Crawled caption data >>
※

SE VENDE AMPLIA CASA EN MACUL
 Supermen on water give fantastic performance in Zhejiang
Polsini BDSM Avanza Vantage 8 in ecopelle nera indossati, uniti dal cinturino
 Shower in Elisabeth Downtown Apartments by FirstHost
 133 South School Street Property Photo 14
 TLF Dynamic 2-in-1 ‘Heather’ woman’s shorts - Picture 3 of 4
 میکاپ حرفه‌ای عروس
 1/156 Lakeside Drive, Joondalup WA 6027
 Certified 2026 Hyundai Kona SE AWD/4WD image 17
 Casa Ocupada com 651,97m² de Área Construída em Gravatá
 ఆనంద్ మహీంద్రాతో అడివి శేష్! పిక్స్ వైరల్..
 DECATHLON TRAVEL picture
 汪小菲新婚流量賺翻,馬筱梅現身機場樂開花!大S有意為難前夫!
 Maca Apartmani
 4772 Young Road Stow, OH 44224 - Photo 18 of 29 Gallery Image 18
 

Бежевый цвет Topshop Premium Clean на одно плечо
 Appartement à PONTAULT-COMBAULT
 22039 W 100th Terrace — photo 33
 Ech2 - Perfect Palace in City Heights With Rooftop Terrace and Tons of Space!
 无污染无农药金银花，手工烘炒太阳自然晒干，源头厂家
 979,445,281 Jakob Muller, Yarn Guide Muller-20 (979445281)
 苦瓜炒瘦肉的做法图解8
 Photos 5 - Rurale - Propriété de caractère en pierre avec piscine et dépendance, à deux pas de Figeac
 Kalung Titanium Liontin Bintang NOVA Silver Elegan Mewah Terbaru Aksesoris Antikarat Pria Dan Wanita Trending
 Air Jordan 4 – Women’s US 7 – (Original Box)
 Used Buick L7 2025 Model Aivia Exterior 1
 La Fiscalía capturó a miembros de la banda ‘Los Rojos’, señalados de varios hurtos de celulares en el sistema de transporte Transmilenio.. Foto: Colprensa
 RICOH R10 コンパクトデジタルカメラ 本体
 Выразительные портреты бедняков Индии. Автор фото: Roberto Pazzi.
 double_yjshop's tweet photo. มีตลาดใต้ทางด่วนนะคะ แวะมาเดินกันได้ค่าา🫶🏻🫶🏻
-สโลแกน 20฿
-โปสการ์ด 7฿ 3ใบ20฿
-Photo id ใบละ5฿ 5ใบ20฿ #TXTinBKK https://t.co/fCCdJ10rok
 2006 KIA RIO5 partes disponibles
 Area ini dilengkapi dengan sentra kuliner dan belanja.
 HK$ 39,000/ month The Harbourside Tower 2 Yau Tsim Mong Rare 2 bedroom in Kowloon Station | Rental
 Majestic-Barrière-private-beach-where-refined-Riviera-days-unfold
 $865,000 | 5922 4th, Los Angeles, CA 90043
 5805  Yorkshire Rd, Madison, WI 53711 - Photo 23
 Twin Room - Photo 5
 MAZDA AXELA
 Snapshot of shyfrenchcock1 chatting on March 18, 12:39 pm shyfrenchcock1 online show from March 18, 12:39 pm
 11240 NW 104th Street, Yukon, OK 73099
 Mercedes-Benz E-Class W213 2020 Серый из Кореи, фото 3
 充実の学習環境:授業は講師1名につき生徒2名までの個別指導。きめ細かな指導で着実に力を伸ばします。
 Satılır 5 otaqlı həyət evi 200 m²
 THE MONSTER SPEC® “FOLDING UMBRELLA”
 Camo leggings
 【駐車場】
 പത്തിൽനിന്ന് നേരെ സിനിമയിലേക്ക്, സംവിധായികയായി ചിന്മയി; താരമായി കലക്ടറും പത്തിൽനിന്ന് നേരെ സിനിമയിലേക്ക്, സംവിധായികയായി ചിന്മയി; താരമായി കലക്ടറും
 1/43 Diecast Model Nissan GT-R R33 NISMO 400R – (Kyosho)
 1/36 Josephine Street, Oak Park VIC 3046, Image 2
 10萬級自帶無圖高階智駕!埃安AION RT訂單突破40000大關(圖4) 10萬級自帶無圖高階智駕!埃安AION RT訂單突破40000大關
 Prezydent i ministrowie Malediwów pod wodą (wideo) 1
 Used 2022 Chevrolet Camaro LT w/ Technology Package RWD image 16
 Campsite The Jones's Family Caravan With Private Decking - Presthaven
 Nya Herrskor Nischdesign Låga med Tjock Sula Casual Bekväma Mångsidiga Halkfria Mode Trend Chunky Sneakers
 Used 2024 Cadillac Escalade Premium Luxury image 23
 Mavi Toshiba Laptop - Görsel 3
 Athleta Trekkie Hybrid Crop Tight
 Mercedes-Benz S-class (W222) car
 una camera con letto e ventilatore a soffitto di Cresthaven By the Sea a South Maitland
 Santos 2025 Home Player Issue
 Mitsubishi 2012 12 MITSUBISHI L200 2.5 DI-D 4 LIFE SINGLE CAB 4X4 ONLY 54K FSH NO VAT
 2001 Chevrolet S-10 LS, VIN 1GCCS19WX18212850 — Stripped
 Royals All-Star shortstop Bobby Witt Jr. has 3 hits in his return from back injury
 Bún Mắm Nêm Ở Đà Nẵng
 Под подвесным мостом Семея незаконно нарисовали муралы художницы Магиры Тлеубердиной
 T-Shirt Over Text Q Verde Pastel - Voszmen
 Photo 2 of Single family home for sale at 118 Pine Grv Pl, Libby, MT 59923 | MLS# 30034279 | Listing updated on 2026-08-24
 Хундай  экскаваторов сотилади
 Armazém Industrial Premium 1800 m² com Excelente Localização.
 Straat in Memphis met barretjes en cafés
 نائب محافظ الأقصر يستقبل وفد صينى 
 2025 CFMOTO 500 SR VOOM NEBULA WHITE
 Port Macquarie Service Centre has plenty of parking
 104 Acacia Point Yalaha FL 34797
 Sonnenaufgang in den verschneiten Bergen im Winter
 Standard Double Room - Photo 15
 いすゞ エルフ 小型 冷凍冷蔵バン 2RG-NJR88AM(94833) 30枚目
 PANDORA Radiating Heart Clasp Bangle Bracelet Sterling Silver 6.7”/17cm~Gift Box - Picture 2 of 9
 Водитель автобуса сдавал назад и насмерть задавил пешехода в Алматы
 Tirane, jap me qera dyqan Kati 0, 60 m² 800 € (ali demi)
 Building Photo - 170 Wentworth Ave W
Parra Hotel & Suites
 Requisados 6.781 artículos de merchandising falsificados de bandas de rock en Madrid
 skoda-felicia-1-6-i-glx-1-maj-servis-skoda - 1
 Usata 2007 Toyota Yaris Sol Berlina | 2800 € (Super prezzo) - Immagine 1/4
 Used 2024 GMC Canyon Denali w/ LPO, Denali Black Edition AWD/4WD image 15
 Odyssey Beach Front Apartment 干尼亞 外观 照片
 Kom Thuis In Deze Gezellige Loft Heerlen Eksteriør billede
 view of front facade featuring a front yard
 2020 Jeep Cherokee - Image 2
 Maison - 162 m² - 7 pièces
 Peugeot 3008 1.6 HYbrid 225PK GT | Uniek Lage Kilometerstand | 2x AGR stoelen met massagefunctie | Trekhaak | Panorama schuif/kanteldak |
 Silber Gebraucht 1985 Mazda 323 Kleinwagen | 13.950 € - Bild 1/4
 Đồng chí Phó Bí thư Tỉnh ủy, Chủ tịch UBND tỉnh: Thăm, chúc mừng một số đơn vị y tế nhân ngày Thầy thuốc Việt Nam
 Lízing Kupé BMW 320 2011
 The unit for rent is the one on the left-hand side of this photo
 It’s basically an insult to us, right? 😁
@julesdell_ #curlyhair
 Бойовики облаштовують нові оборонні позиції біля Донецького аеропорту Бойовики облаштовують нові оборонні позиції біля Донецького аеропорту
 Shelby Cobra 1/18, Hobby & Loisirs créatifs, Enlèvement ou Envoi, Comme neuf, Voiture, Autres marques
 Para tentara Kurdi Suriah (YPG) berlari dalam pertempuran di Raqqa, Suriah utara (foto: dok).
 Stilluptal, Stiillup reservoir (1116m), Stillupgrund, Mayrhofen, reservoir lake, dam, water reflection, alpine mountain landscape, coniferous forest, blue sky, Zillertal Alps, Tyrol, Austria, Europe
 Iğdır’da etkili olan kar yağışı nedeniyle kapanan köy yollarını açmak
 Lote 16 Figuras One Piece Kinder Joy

※

Copy the entries above exactly, but only from the line holding "Shower in Elisabeth" through the line holding "Area ini dilengkapi", both included.

 Shower in Elisabeth Downtown Apartments by FirstHost
 133 South School Street Property Photo 14
 TLF Dynamic 2-in-1 ‘Heather’ woman’s shorts - Picture 3 of 4
 میکاپ حرفه‌ای عروس
 1/156 Lakeside Drive, Joondalup WA 6027
 Certified 2026 Hyundai Kona SE AWD/4WD image 17
 Casa Ocupada com 651,97m² de Área Construída em Gravatá
 ఆనంద్ మహీంద్రాతో అడివి శేష్! పిక్స్ వైరల్..
 DECATHLON TRAVEL picture
 汪小菲新婚流量賺翻,馬筱梅現身機場樂開花!大S有意為難前夫!
 Maca Apartmani
 4772 Young Road Stow, OH 44224 - Photo 18 of 29 Gallery Image 18
 

Бежевый цвет Topshop Premium Clean на одно плечо
 Appartement à PONTAULT-COMBAULT
 22039 W 100th Terrace — photo 33
 Ech2 - Perfect Palace in City Heights With Rooftop Terrace and Tons of Space!
 无污染无农药金银花，手工烘炒太阳自然晒干，源头厂家
 979,445,281 Jakob Muller, Yarn Guide Muller-20 (979445281)
 苦瓜炒瘦肉的做法图解8
 Photos 5 - Rurale - Propriété de caractère en pierre avec piscine et dépendance, à deux pas de Figeac
 Kalung Titanium Liontin Bintang NOVA Silver Elegan Mewah Terbaru Aksesoris Antikarat Pria Dan Wanita Trending
 Air Jordan 4 – Women’s US 7 – (Original Box)
 Used Buick L7 2025 Model Aivia Exterior 1
 La Fiscalía capturó a miembros de la banda ‘Los Rojos’, señalados de varios hurtos de celulares en el sistema de transporte Transmilenio.. Foto: Colprensa
 RICOH R10 コンパクトデジタルカメラ 本体
 Выразительные портреты бедняков Индии. Автор фото: Roberto Pazzi.
 double_yjshop's tweet photo. มีตลาดใต้ทางด่วนนะคะ แวะมาเดินกันได้ค่าา🫶🏻🫶🏻
-สโลแกน 20฿
-โปสการ์ด 7฿ 3ใบ20฿
-Photo id ใบละ5฿ 5ใบ20฿ #TXTinBKK https://t.co/fCCdJ10rok
 2006 KIA RIO5 partes disponibles
 Area ini dilengkapi dengan sentra kuliner dan belanja.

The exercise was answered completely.